Sens. Richard Durbin, D-Ill., and Chuck Hagel, R-Neb., Wednesday introduced legislation that would "require a National Intelligence Estimate to assess the security challenges presented by the world's changing climate," according to a statement from their offices.
National Intelligence Estimates, or NIEs, represent the best information and thinking of the 16 U.S. intelligence agencies, distilled by their analysts into a series of key judgments about national security threats and other issues.
The legislation will also fund additional research by the Department of Defense in order to examine the impact of climate change on military operations.
"For years, too many of us have viewed global warming as simply an environmental or economic issue. We now need to consider it as a security concern," said Durbin.

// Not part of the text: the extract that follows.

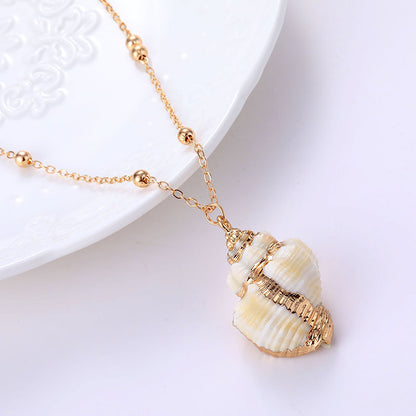 Vacation Shell Alloy Wholesale Pendant Necklace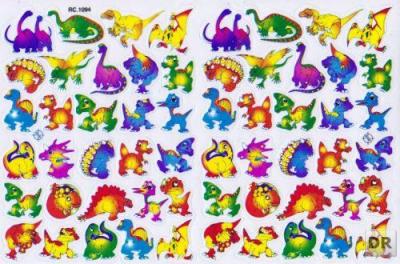 Dino Dinosaurier Jurassic T-Rex Raptor Tiere Aufkleber Sticker für Kinder Basteln Kindergarten Geburtstag 1 Bogen 291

"Many of the most severe effects of global warming are expected in regions where fragile governments are least capable of responding to them," he said, adding the NIE "will guide policymakers in protecting our national security and averting potential international crises."
Hagel said it was essential to address "the issue of climate change with a national strategy that incorporates economic, environmental and energy priorities."
The Global Climate Change Security Oversight bill calls for "a strategic estimate of the risks posed by global climate change for countries or regions that are of particular economic or military significance to the United States or that are at serious risk of humanitarian suffering," according to the statement, adding it will "assess the political, social, agricultural, and economic challenges for countries and their likely impact" over the next 30 years.
"Environmental changes caused by global warming represent a potential threat multiplier for instability around the world. Scarce water, for example, may exacerbate conflict along economic, ethnic, or sectarian divisions. Water shortages, food insecurity, or flooding -- all of which may occur as a result of rising global temperatures -- could also displace people, forcing them to migrate," the statement said.